We started Clycyo because the analytics layer of the modern stack is broken.
Every developer knows the feeling. You ship a side project. You drop in Google Analytics because it's free and everyone uses it. Six months later, you're paying a Lighthouse penalty, dealing with cookie banner code, watching your data get sampled, and trying to make sense of a UI built for a different decade.
You consider Plausible. It's clean, it's simple, it respects your users — but you also need to track revenue when a Stripe payment lands. You consider DataFast. It tracks revenue elegantly — but it sets cookies, which means a banner, which means lost conversions, which means a regulator could fine you.
So you patch together three tools. You write glue code. You re-instrument when you scale. You re-instrument again when you sell to enterprise. Each layer of glue is a chance for the data to lie to you.
The bet
We think the analytics layer should be one tool that grows with you — from your first pageview to your first $10k MRR to your enterprise SOC 2 audit. One mental model. One SDK shape. One dashboard that scales.

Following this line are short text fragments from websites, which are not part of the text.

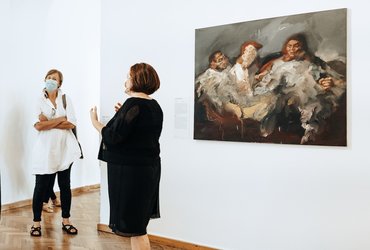 PO MARIBORSKI TRŽNICI IN ULICAH NEW YORKA <em>Foto: Sara Rezar</em>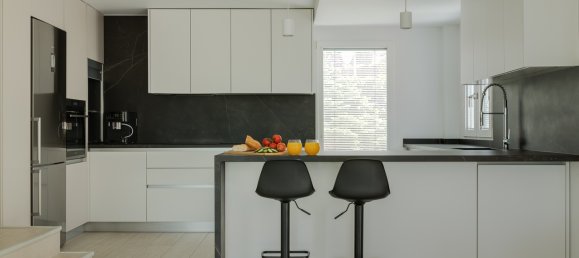 3 غرف نوم تاون هاوس في Finestrat, Spain رقم 10872 5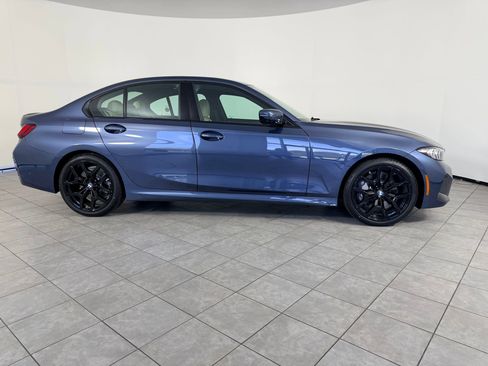 New 2026 BMW 330i Sedan w/ M Sport Package image 7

And we think it should respect three things at once that the industry insists on trading off:
- Privacy — by construction, not by claim
- Revenue attribution — server-side, refund-aware, multi-touch
- Developer experience — typed SDKs, real docs, open source
And it should be free at the volumes most projects live at, forever.
What we won't do
We won't add cookies “just for accuracy.” We won't bolt on session replay we can't make private. We won't charge per seat. We won't sample. We won't fabricate testimonials or vanity metrics. We won't hide the bad parts; we'll publish our weaknesses on every comparison page.
When we ship, we'll dogfood. When we're wrong, we'll say so on the changelog and the postmortem. When we win, we'll show the math.
Where we're going
The next wave of SaaS founders is shipping AI-native apps in browsers, on edge runtimes, with payment models we're still figuring out. They need analytics that handles tokens and latency and prompt-level cost without a custom event for each. They need it to ship the same way they ship everything: npm install, env var, three lines of provider, deploy.
That's what we're building. If that's you, we'd like to build it with you.